Débat: Il n'y a que le face à face qui vaille

Publié le 07 avril 2012 par Nicolas007bis

Le débat entre les candidats que France 2 souhaite organiser pose de nombreuses questions.

On comprend bien l'intérêt pour un Bayrou ou un Dupont-Aignant d'un débat qui réunirait tous les candidats. Une fois la campagne ouverte, la mécanique médiatique se focalise sur les 2 favoris et sur le fameux troisième homme, Bayrou en 2007, aujourd'hui Mélenchon. Tous les autres sont inaudibles, même Marine Le Pen. On comprend bien leur frustration devant ce traitement qu'ils jugent inégal. C'est donc l'occasion pour tous ceux là d'être mis sur un pied d'égalité avec le trio de tête au hit parade des médias.

Plus généralement, le débat est indispensable pour donner les moyens au citoyen de juger des propositions de ses futurs représentants. Pour aller au-delà des belles formules et des émotions procurées par la force d’un discours, il lui faut pouvoir juger du fond. Il lui faut les clés pour estimer la pertinence et la cohérence des programmes. Sans débat, pas de démocratie.

Pour autant, un débat à 5 et à plus forte raison à 10 n'est qu'un exercice de style sans autre intérêt que de permettre de juger de la capacité de répartie et du sens de la formule des candidats.

Ce ne peut être au mieux qu'un échange de belles phrases et de slogans déjà moult fois répétés à longueur de meetings. Au pire, ce sera un échange d'invectives et de propos caricaturaux destinés à dénigrer l'un ou l'autre de ses adversaires.

Par dessus le marché, un jeu d'alliances implicites entre des candidats aux intérêts communs faussera nécessairement leur attitude. A 10 ou à 5 ce sera tous contre Sarkozy. Si Mélenchon et Hollande sont dans un même groupe, gageons qu'ils ne polémiqueront pas mais s'allieront contre leurs adversaires de droite. Pourtant, s'il y a bien un débat qui pourrait être intéressant, c'est celui qui opposerait Hollande à Mélenchon, histoire de bien montrer que leurs projets sont radicalement différents.

Pour la même raison, Hollande et Sarkozy tenteront d'épargner Bayrou, avec l'espoir de récupérer ses voix au second tour ce qui leur sera d'autant plus facile, qu'ils auront d'autres adversaires à boxer.

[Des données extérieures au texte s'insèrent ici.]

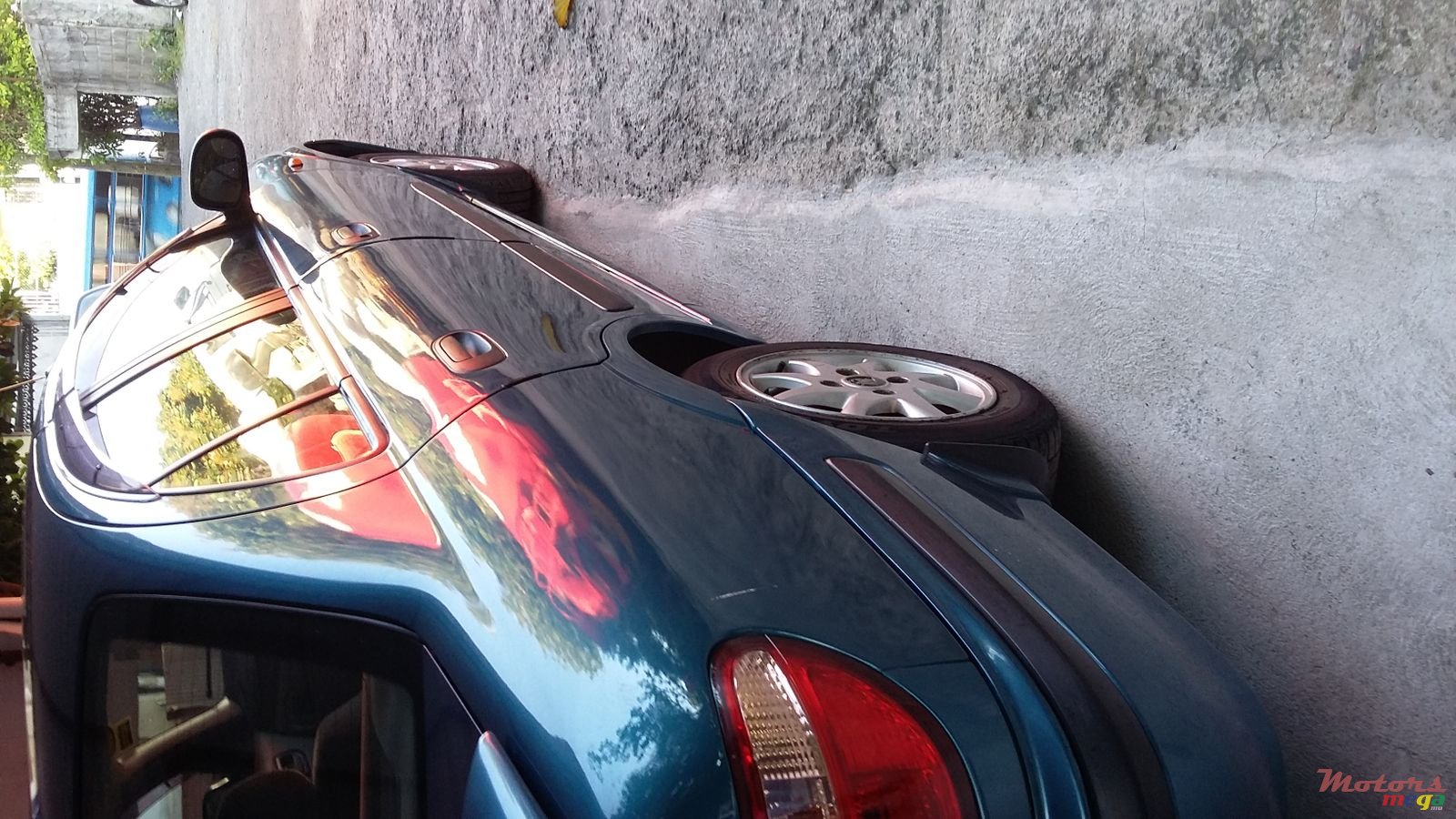 2001' Nissan Sunny photo #2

Un face à face Bayrou-Hollande ou Bayrou-Sarkozy obligerait l'un et l'autre à marquer sa différence et à expliquer en quoi voter Bayrou ce n’est pas du tout la même chose que de voter Hollande ou Sarkozy.

Mais pour cela, il faut que le débat soit une confrontation d’idées. Il faut qu’il se fasse dans les conditions qui permettent à chacun de développer, d’expliquer, d’argumenter. Et ces conditions ne sont pas réunies dans un débat à plusieurs (plus de 2). Au contraire, ce ne sera qu’une occasion de plus de simplifier à outrance les questions importantes qui sont en jeu. Le discours des candidats sera nécessairement réducteur et contribuera un peu plus à laisser croire que les questions complexes auxquelles est confrontée notre société peuvent être répondues à coup d’affirmations péremptoires et de bons sentiments affirmés avec force.

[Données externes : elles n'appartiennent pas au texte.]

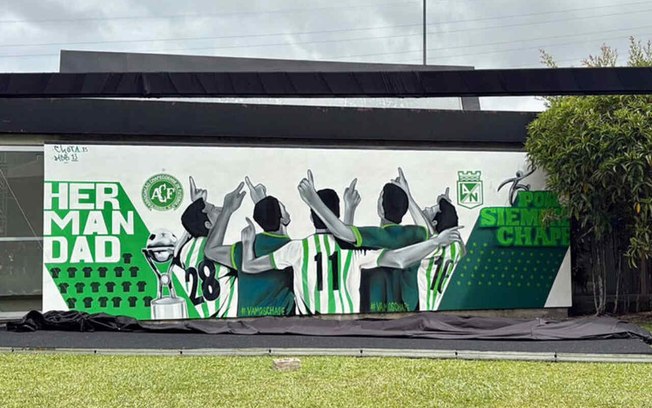 Chape recebe homenagem de dirigente e ídolos colombianos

Il n'y a que le face à face qui vaille, qui ait valeur de débat. Pour peu qu'il soit bien organisé et dirigé par des journalistes dignes de ce nom, c'est le seul format qui permette un échange sur le fond ou du moins d'une manière suffisamment approfondie pour permettre aux électeurs de bien comprendre sur quoi s'appuient les positions des deux candidats. C'est le seul moyen, pour aller au delà des slogans et des affirmations péremptoires.

Malheureusement France 2, comme tout l’audiovisuel, est soumis à plusieurs contraintes dont la moindre n’est pas l’obligation de l’équité de temps de parole entre les candidats et plus largement l’équité de traitement des candidats. Cette contrainte exclut les débats bilatéraux entre 2 candidats qui s’opposeraient frontalement. Trop difficile à organiser, puisqu’en théorie, il faudrait, comme dans une sorte de tournoi, que chaque candidat rencontre chacun des ses adversaires ce qui nous ferait 45 combinaisons soit 45 duels à organiser, autant dire que c’est parfaitement inimaginable à ce moment de la campagne.

En conséquence de quoi, il ne lui reste plus qu’à tenter d’organiser, dans une sorte de simulacre d’exercice démocratique, un grand barnum médiatique superficiel et parfaitement inutile qui ne fera qu’entretenir les téléspectateurs dans l’illusion qu’il leur suffit de regarder la télévision pour pouvoir exercer en toute connaissance de cause leur devoir de citoyen.

Pour ma part, je ne perdrai pas mon temps à assister à un match de catch médiatique.